À la faveur d’une spécialité qu’il développe en bois plombé pour la sculpture extérieure, il recrute une clientèle lucrative parmi les membres du clergé et les communautés religieuses. Les commandes d’art sacré proviennent aussi de particuliers, ce qui est le cas du voyageur de commerce Charles-Napoléon Robitaille, le commanditaire de Notre-Dame du Saguenay, qui a été miraculeusement sauvé après avoir invoqué la Vierge Marie lors d’une traversée périlleuse de la rivière Saguenay durant l’hiver 1878-1879. Cet ex-voto est le projet le plus ambitieux de Jobin.


Notre-Dame du Saguenay, qui mesure plus de sept mètres de hauteur sur deux mètres de largeur, est érigée sur le cap Trinité, surplombant le fjord du Saguenay. Malgré son imposant format, Jobin parvient à lui conférer grâce et élégance, par ses proportions élancées et le rendu détaillé des drapés de sa tunique et de son manteau. En bois plombé, la pièce est recouverte de métal et donc à l’épreuve des intempéries.

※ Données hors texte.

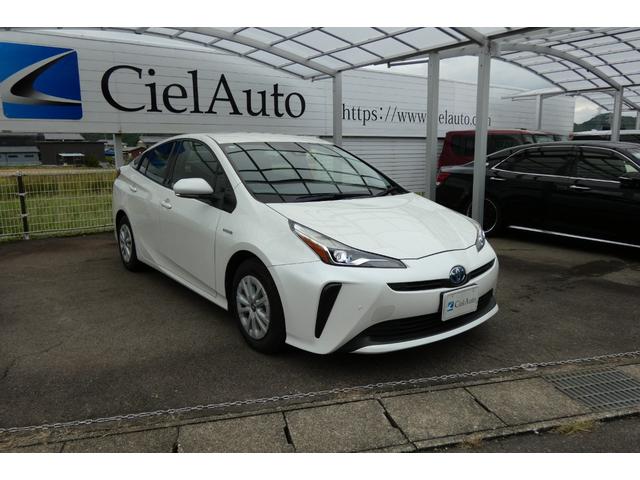 プリウス Ｓ　後期型　オートクルーズ　プリクラシュセーフティ　クリアランスソナー　パーキングサポートブレーキ　ふらつき検知機能　オートＨｉビームＢｌｕｅｔｏｏｔｈ　イクリプスナビ　ＤＶＤ再生　バックカメラ　ＥＴＣ（3枚目）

Gardien de l’œuvre de Jobin, le Musée national des beaux-arts du Québec (MNBAQ) abrite le plus grand nombre d’ouvrages du sculpteur parmi lesquels se distinguent quelques œuvres profanes. Des exemples de sculptures allégoriques du tabac, dont le commerce était en plein essor dans les années 1850, ont été conservés. La figure-enseigne de l’Amérindien, le premier à avoir cultivé la plante du tabac en Amérique, se retrouve immanquablement à l’entrée des débits de tabac, comme en témoigne Big Chief (Grand chef), v.1885, aujourd’hui conservé au musée de Shelburne dans le Vermont, et Indien, v.1885, au MNBAQ. « Les deux Indiens, nobles, héroïques et idéalisés, se rattachent à une catégorie de figures conventionnelles […] caractérisées par une attitude solennelle, par une pose frontale et statique et par des traits stéréotypés. » Leur riche polychromie, moins perceptible aujourd’hui, vise à accrocher l’œil du passant.
Autre exemple de l’étendue du registre de Jobin conservé au MNBAQ : Le char de l’agriculture, dessiné par l’architecte Paul Cousin pour le défilé de la Saint-Jean-Baptiste de 1880. Jobin assume la décoration du char par la réalisation des divers éléments sculptés qui le jonchent, figures mythologiques, corbeilles de fruits et de légumes, animaux dont le castor, outils agricoles, etc. « Par le foisonnement de ses composantes et par le goût de la surcharge dont il témoigne », le char coloré et ses nombreux ornements convient l’esthétique kitsch qui marque le dernier quart du dix-neuvième siècle en sculpture.